RECORDS SUPPLIED: Begin

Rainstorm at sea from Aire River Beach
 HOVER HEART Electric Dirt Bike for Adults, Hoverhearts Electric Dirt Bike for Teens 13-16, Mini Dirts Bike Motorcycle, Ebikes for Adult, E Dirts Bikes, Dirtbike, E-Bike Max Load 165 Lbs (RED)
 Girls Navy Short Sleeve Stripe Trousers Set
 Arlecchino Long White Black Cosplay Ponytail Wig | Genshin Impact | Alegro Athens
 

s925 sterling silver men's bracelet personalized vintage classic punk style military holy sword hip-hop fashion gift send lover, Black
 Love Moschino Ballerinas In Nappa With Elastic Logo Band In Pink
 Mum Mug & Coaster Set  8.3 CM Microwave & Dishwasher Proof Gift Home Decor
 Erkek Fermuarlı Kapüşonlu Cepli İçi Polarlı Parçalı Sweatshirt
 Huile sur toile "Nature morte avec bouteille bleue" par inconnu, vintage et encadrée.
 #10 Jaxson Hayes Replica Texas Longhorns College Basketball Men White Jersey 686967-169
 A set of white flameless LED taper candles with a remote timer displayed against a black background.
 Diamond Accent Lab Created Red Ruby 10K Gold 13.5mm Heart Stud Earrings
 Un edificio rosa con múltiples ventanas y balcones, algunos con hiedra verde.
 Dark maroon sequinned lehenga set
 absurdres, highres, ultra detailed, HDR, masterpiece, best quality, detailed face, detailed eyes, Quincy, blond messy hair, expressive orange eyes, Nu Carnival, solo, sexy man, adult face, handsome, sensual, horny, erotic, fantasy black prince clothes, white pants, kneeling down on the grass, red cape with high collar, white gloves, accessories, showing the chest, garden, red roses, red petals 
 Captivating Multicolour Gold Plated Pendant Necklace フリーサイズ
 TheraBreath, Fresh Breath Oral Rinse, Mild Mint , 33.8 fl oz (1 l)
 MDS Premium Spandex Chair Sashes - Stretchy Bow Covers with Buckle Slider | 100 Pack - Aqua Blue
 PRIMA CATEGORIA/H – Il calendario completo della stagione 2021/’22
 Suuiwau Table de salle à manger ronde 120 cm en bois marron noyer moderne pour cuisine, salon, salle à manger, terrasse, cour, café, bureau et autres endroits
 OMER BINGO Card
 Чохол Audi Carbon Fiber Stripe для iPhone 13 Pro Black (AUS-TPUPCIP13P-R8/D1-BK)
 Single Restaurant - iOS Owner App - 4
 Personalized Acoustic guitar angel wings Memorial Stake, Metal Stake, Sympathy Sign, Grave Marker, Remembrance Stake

RECORDS SUPPLIED: End

AIM OF THE TASK: Wherever a line of the data above contains "vintage", copy that line.

RESPONSE:
s925 sterling silver men's bracelet personalized vintage classic punk style military holy sword hip-hop fashion gift send lover, Black
 Huile sur toile "Nature morte avec bouteille bleue" par inconnu, vintage et encadrée.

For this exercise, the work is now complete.